Stem Cell Veto Reflects Bush's Values
Like many who are "saved", Bush is a zealot. This is something that get ignored a lot. Most critics focus on his lack of curiosity and his supreme self-centeredness and seem to believe that his stated values are really just a screen for the fact that he's too intellectually lazy to have formed any values at all.
Well, he is intellectually lazy, but he's also "born-again." The combination means that he never did bother to form his own system of values, but instead adopted the most shallow way of thinking from the most shallow of fundamentalists. He's not alone in this, of course. Many, many people do the same thing in all areas of life, every day. But he's the president. We do expect better from our presidents. (Although we long ago came to the understanding that we can't expect more from him.)
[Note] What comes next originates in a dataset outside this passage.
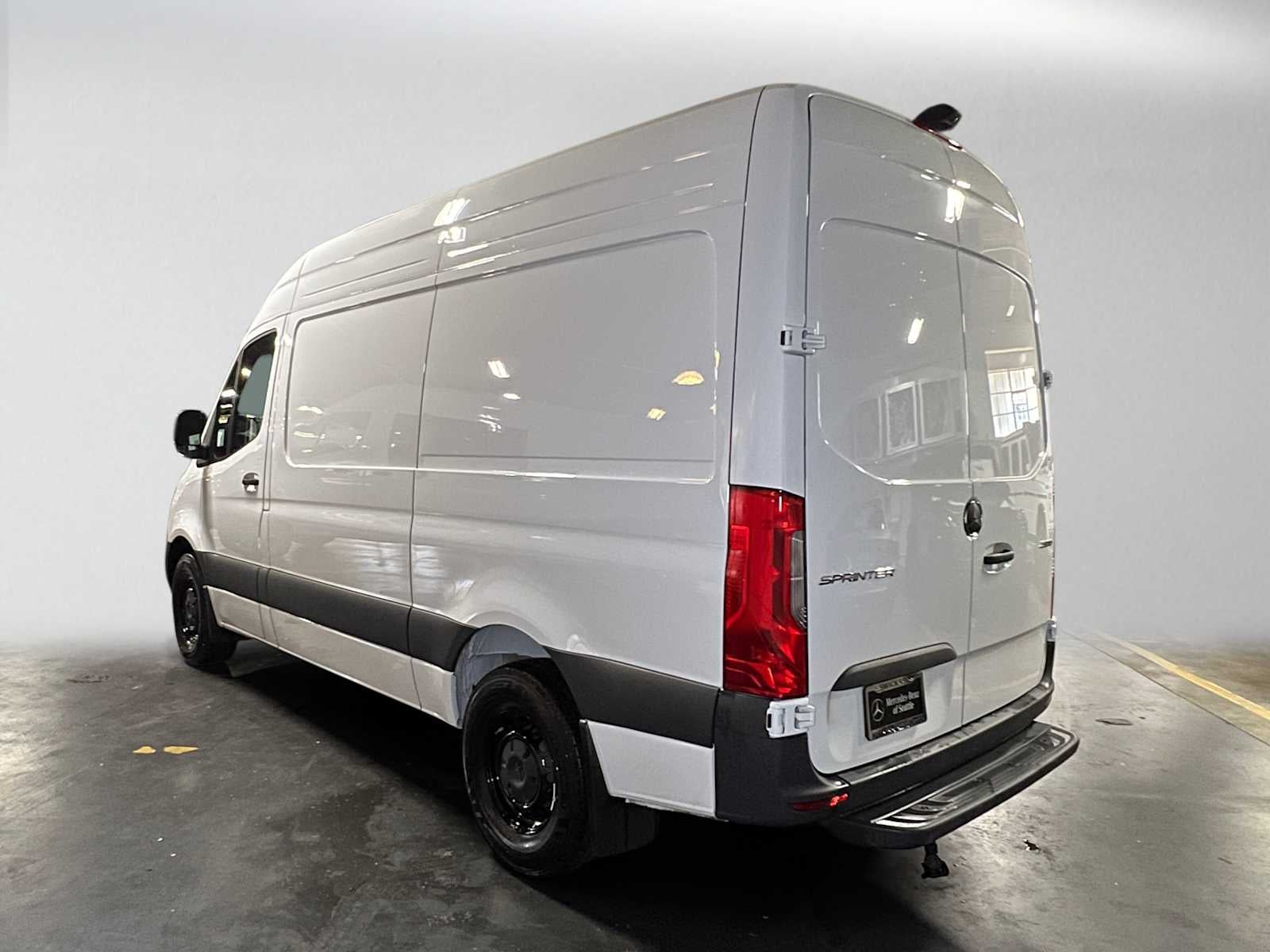 2026 Mercedes-Benz Sprinter Cargo 2500 Standard Roof I4 Diesel HO 144 RWD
This is a major problem with Dubya. When he forms his own ideas about an issue, he bases his decisions on the most shallow, least reasonable, least rational form of fundamentalism. So it is that we have him claiming his love for life has led him to veto legislation in an effort to protect the lives of embryos that are destined to never truly live in the first place. Meanwhile, his decision means the very real probability of much more suffering and many more deaths among people whose lives are actual, not theoretical.
And the sickest part of it is, he really is doing this because he believes. He believes as only someone who can never be bothered to think can believe.